**Your assignment**
Between the line containing "Fight dark grey hoodie" and the line containing "1850-D G$1 VF35" lies a run of lines; give that run again exactly, with both of those lines, and nothing else from the entries below.

**Task data**
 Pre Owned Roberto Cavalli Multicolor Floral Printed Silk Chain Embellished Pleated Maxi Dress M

---

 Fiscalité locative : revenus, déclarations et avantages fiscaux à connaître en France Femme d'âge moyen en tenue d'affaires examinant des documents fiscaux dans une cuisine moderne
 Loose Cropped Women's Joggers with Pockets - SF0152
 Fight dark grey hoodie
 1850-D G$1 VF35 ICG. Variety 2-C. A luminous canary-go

**Answer below**
 Fight dark grey hoodie
 1850-D G$1 VF35 ICG. Variety 2-C. A luminous canary-go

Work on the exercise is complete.